Healthy diet and exercise reduce Alzheimer’s-causing proteins, according to recent research from the University of California, Los Angeles.
The study found that people with mild memory problems who followed a Mediterranean diet, those who engaged in regular physical activity, or those with a healthy BMI were less likely to have buildup of beta-amyloid and tau proteins in the brain.
These proteins are the ones responsible for the loss of neurons in Alzheimer’s disease.
Dr. David Merrill, the leader of the study says that this is the first to show how diet and exercise affect the buildup of Alzheimer’s causing proteins.

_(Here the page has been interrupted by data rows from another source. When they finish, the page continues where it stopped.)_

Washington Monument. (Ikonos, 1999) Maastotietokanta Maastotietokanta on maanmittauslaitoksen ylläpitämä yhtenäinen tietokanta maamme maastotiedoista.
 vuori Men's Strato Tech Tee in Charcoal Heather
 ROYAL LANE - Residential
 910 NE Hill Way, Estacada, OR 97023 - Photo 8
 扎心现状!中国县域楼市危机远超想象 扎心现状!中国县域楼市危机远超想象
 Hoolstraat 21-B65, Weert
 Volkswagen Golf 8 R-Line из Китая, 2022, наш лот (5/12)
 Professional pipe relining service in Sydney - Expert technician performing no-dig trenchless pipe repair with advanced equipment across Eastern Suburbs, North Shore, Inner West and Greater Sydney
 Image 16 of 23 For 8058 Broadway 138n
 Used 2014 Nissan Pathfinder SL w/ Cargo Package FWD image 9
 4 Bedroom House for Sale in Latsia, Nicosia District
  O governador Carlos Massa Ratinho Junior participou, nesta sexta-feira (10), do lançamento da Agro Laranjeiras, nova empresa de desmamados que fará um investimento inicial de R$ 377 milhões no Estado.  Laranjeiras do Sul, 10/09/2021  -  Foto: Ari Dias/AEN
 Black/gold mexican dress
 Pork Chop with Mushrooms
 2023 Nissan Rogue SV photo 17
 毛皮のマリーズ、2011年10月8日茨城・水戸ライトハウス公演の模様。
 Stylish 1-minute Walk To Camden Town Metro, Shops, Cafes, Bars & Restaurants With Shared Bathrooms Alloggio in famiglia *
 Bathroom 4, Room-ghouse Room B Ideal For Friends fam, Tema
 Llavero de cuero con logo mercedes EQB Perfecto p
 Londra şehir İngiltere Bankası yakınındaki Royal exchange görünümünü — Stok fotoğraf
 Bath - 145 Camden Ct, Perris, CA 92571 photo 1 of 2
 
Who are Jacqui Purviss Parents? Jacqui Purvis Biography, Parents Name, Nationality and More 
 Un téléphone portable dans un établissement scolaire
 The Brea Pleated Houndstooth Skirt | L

“The fact that we could detect this influence of lifestyle at a molecular level before the beginning of serious memory problems surprised us,” says Dr. Merrill.
The study abstract provided the following methods:
The team found that the participants with a healthy BMI, a Mediterranean diet, and had an active lifestyle had lower levels of plaques than the subjects who did not follow these lifestyle factors.
The authors concluded:
“The study reinforces the importance of living a healthy life to prevent Alzheimer’s, even before the development of clinically significant dementia. This work lends key insight not only into the ability of patients to prevent Alzheimer’s disease, but also physicians’ ability to detect and image these changes.”
The study showing that healthy diet and exercise reduce Alzheimer’s-causing proteins was published in The American Journal of Geriatric Psychiatry.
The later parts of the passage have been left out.